Once approved, SSDI recipients don't lose benefits the moment they attempt any work. The SSA has structured work incentives specifically designed to let people test their ability to return to employment without immediately losing coverage. 🛡️

  • Trial Work Period (TWP): In 2022, any month you earned more than $970 counted as a trial work month. You get nine of these months (within a 60-month window) during which SSA does not apply SGA to your earnings — you keep full benefits regardless of how much you earn.
  • Extended Period of Eligibility (EPE): After the TWP ends, a 36-month window begins. During this period, you receive benefits in any month your earnings fall below SGA ($1,350 in 2022) and lose them in months you exceed it — but you can reclaim them without a new application.
  • Expedited Reinstatement: If your benefits stop because of earnings and your condition hasn't improved, you may be able to request reinstatement within five years without filing a brand-new claim.

What SGA Doesn't Measure

SGA is an earnings test, not a functional test. It doesn't evaluate:

  • How difficult it is for you to do that work
  • Whether your condition is worsening
  • Whether you're working in pain, with accommodations, or against medical advice

Those factors matter at other stages — particularly in the Residual Functional Capacity (RFC) assessment, where SSA evaluates what you're physically and mentally capable of doing on a sustained basis. RFC and SGA are separate tools measuring different things.

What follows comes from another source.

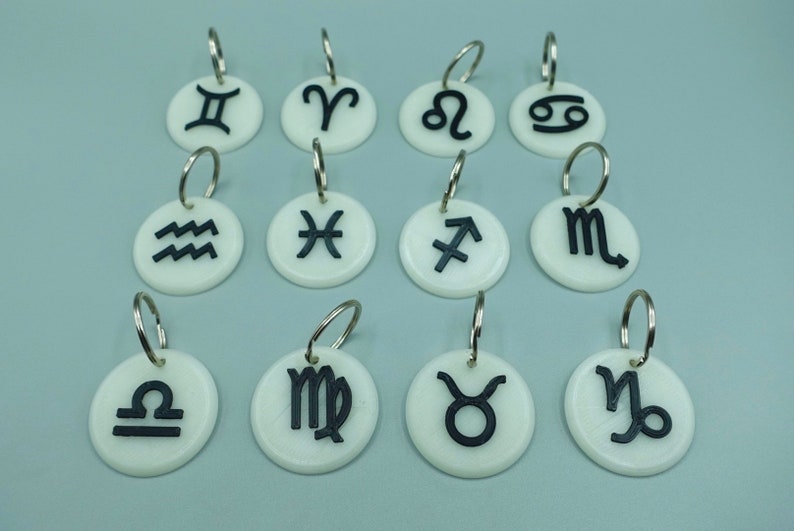 May include: Twelve white round keyrings with black zodiac symbols. The symbols are: Gemini, Aries, Leo, Cancer, Aquarius, Pisces, Sagittarius, Scorpio, Libra, Virgo, Taurus, and Capricorn.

Why the Same Earnings Can Mean Different Things

Someone earning $1,200/month in 2022 might be safely under SGA. But someone else with the same gross earnings might be in a trial work month — or might have IRWEs that drop their countable income even lower. Another person might be in the EPE and alternating benefit months based on fluctuating pay.

Where someone falls in the SSDI timeline, how their earnings are structured, what expenses qualify as deductions, and whether they've used their trial work months — all of these variables shape what $1,200 actually means for their specific case.

That's the piece SSA has to work out for each person individually — and it's the piece no general guide can fill in.